Audio we can leave alone. 44,100 Hz is perfect for whatever you need to do. The rest of the tabs are unimportant.

This is what things should look like when you're all done. I loaded up my last project for this:

Vegas 4

Go to File > Render As and this fun window will pop up. This window is your nemesis. (If templates is ever totally empty, DO NOT RENDER because that means Vegas is gonna crash as soon as you hit save.)

Vegas 6

  1. You can pick your file type here. I prefer MP4, you can export to AVI if you prefer MeGUI or if you want to do some AVISynth work later on.
  2. You can load the file settings you just set, just to double check. However that's not enough. Click on Custom, which brings us to the screen below.

Vegas 7

If the frame size shown here is not what your source files are, this is your last chance to change it.

  1. This is your MP4 profile. You can pick Baseline or Main here, but I go with Main.
  2. Framerate. Make sure it's the same as your source files. 30 is what you would want for most projects.
  3. Field order. Set it to none to prevent interlacing.
  4. Again, 1.0 is fine for Pixel Ratio.
  5. Here you can change your bitrate. I have never gotten two-pass to work, Vegas just crashes whenever I try it. Theoretically any setting should be fine as long as you pick an appropriate bitrate.

If you wanna make an uncompressed AVI to use in AVISynth or MeGUI later, that's cool too. I suggest exporting with Lagarith as sony vegas's "Uncompressed" codec will fill your hard drive faster than Fraps ever could.

If you go the AVI route, here's what you'll see.

Vegas 7avi

It's not a whole lot different, and if you've picked the Lagarith codec, you probably won't need to change anything here other than the framerate.

But no matter which route you go, be sure to click on the project tab:

Vegas 8

The last thing to check is your rendering quality because yes it CAN be different here than in your template. Draft or Preview, always. Good and Best allow frame tweening, which is on by Default and it looks horrid.

At this point you're ready to go. Hit okay and render, and hopefully you've got a video that looks decent.

A Quick Note About The Render Options from Some Strange FleaEdit

What if some/all of my source videos aren't the resolution that I want my final video to be?

Then Vegas will automatically resize them for you! Hooray!

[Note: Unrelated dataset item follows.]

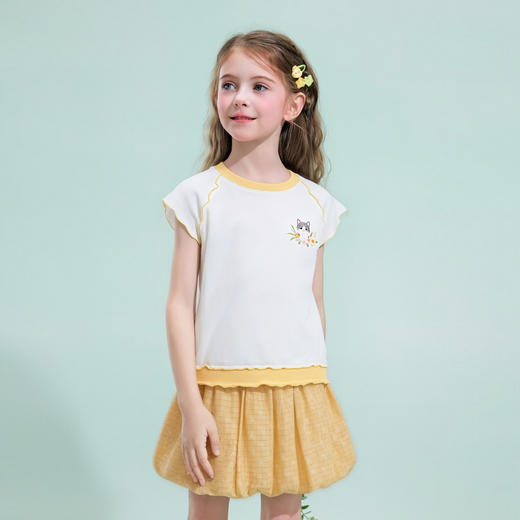 笛莎/Deesha 【观山见】2026年夏季新款女童中大童国风绣花撞色拼接短袖T恤 商品图1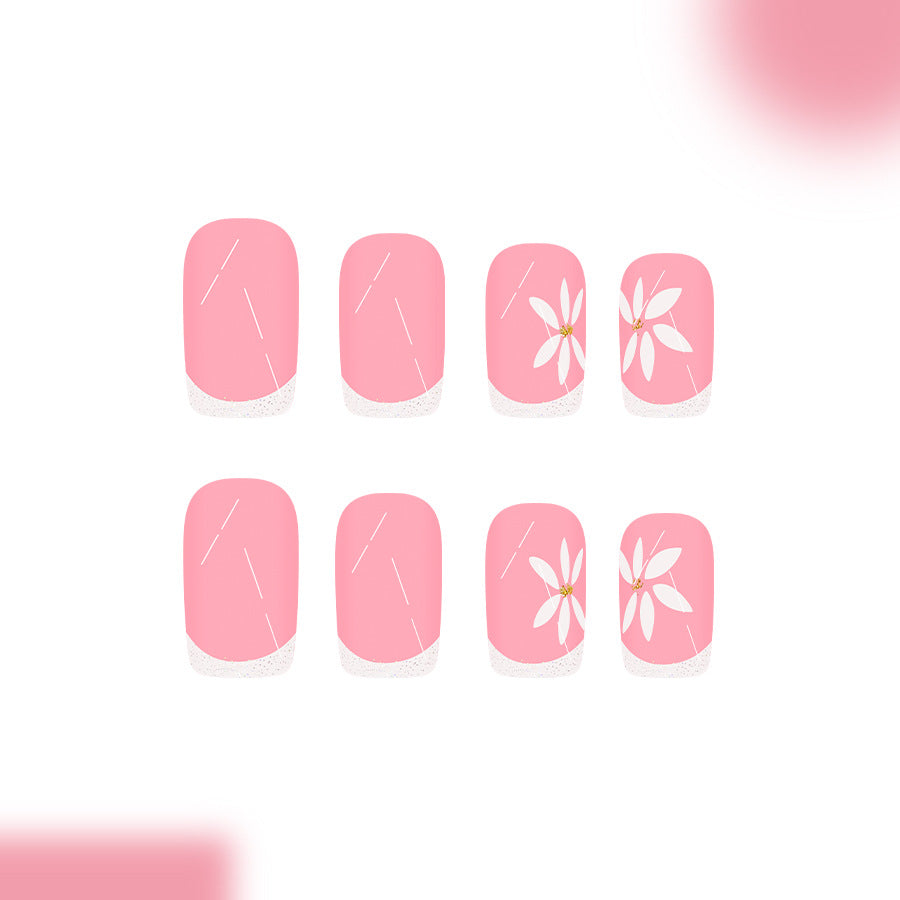 Blossom Bliss Soft Medium Square Pink Press On Nail Set with Floral Accents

Wait no that's actually a disaster. If you're using Draft/Preview like you were told then Vegas will be using Nearest Neighbour to resize them. If your videos are for low-res retro(-style) games, then that's actually probably okay and I'm sorry for getting you all nervous earlier. But for newer games, it's going to look a bit shitty.

What you're going to want to do is resize your stuff (losslessly) using a higher-quality resizing method, then pop the new video into Vegas in place of the old one. If I can't talk you out of using Vegas for absolutely everything then this is how you do it:

  1. Open a separate Vegas file and import the raw clip you want to resize.
  2. Set all the settings the same way you set your main file's settings but (ugh) use Good/Best mode instead of Draft/Preview. This will enable frame blending and higher-quality resizing. You don't want the former, so this is how you disable it.
  3. Pop your clip in the timeline and right click, then click Properties. The "Smart Resample" radio button should be selected, change it to "Disable resample".
  4. Render the clip losslessly, and replace the old clip in your main Vegas file with the new one.
  5. Slap yourself in the face for being a bit of a nonce but it's okay we can still be friends.

Alternatively, you can set your main Project to Good/Best and Disable Resample for every individual clip on your timeline, but if you've got loads of clips then it'll take ages and you'll definitely miss one so watch out.